Aim of the task: Restate word for word the material below, starting at the line that contains "qué es el latigazo cervical" and stopping after the last line; skip pictures.

Dataset content:
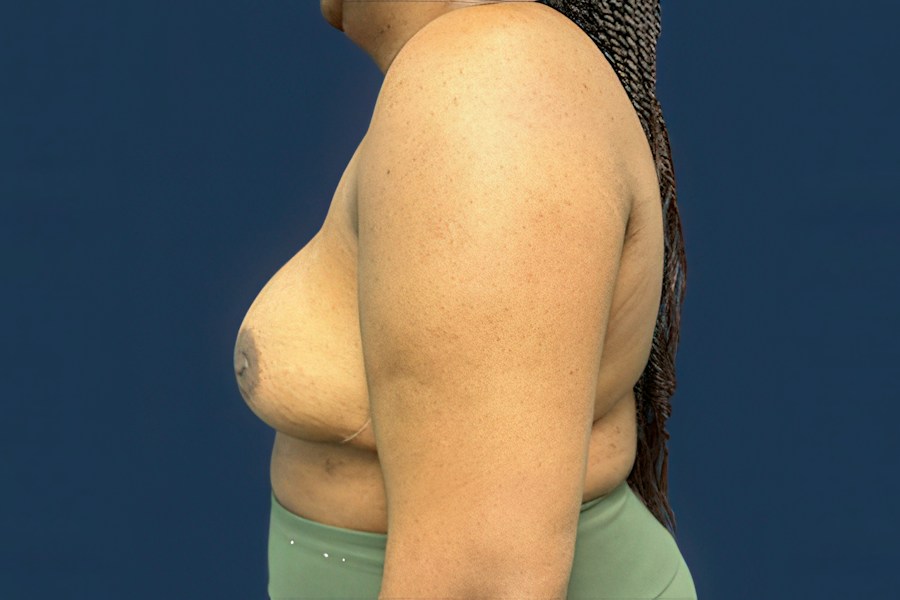 Patient 50687 | Profile View | After — Dr. Tommaso Addona -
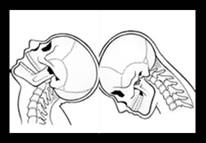 qué es el latigazo cervical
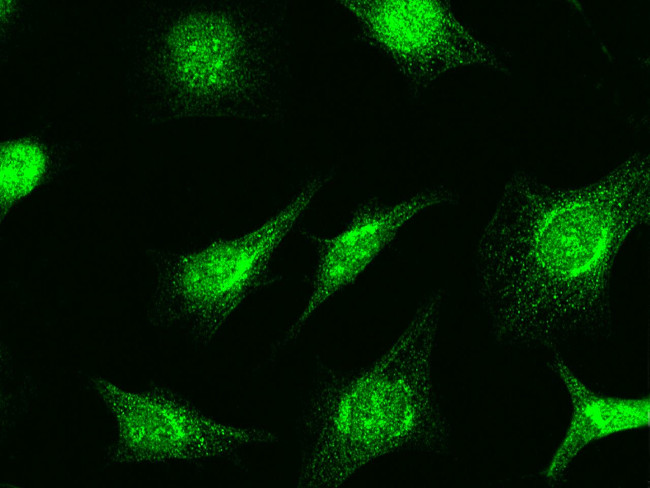 RAD51 Antibody in Immunocytochemistry (ICC/IF)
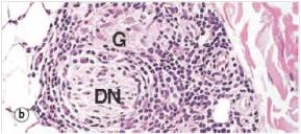 The accompanying high power photomicrograph of skin,showing a small dermal nerve (DN) is from a person with tuberculoid leprosy.The area labelled  G  is an associated granuloma.If an acid-fast stain were performed on this section,in an attempt to visualise the leprosy bacilli,which one of the following would you expect to see upon microscopic examination?   A) Few acid-fast organisms B) Large numbers of acid-fast organisms C) No organisms - acid-fast stains don't work for Mycobacterium leprae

Solution for this problem:
 qué es el latigazo cervical
 RAD51 Antibody in Immunocytochemistry (ICC/IF)
 The accompanying high power photomicrograph of skin,showing a small dermal nerve (DN) is from a person with tuberculoid leprosy.The area labelled  G  is an associated granuloma.If an acid-fast stain were performed on this section,in an attempt to visualise the leprosy bacilli,which one of the following would you expect to see upon microscopic examination?   A) Few acid-fast organisms B) Large numbers of acid-fast organisms C) No organisms - acid-fast stains don't work for Mycobacterium leprae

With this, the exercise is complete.